WORK REQUIRED
Please transcribe the listing below in full, exactly as written, leaving out its pictures.

GIVEN DATA
[Start of Attachment]

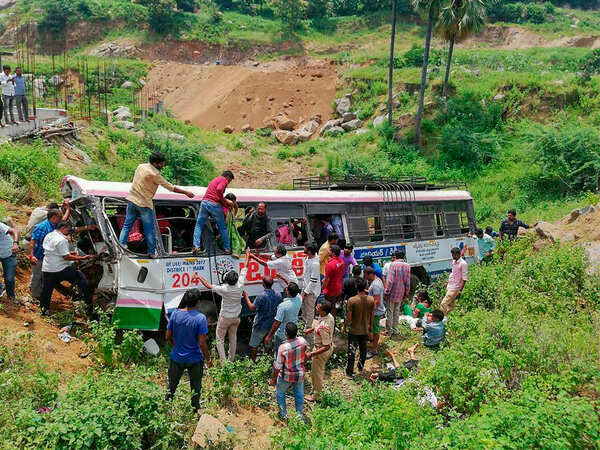 Pilgrims’ journey meets tragic end, balm of condolence applied to gaping wounds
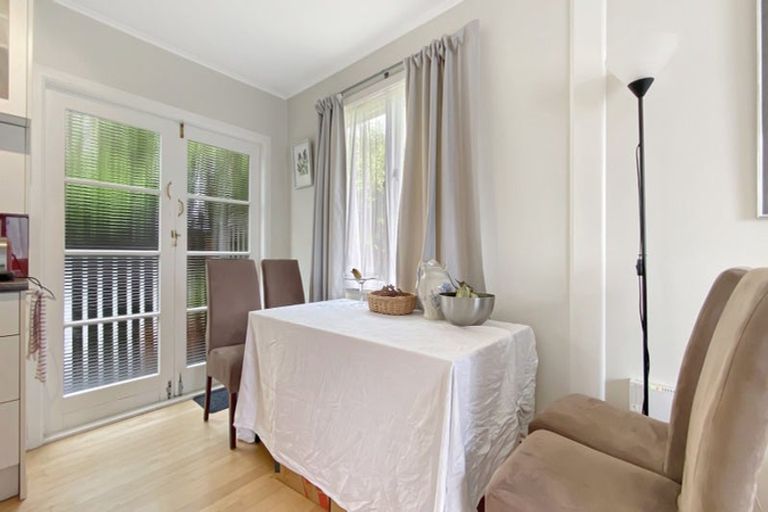 Photo of property in 86 Sylvan Crescent, Te Atatu South, Auckland, 0610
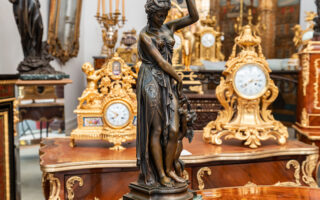 Marché Biron: The Jewel of the Famous Saint-Ouen Flea Market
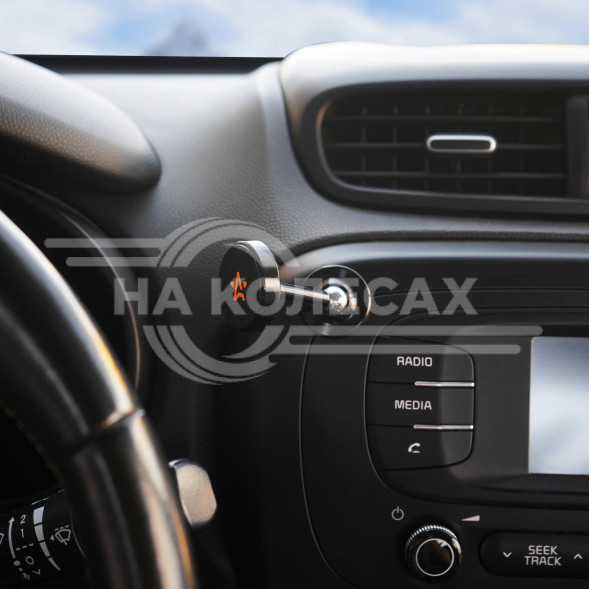 Держатель для телефона автомобильный на торпедо магнитный круглый регулируем. на штанге на двухст.скотче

[End of Attachment]

WRITTEN ANSWER
 Pilgrims’ journey meets tragic end, balm of condolence applied to gaping wounds
 Photo of property in 86 Sylvan Crescent, Te Atatu South, Auckland, 0610
 Marché Biron: The Jewel of the Famous Saint-Ouen Flea Market
 Держатель для телефона автомобильный на торпедо магнитный круглый регулируем. на штанге на двухст.скотче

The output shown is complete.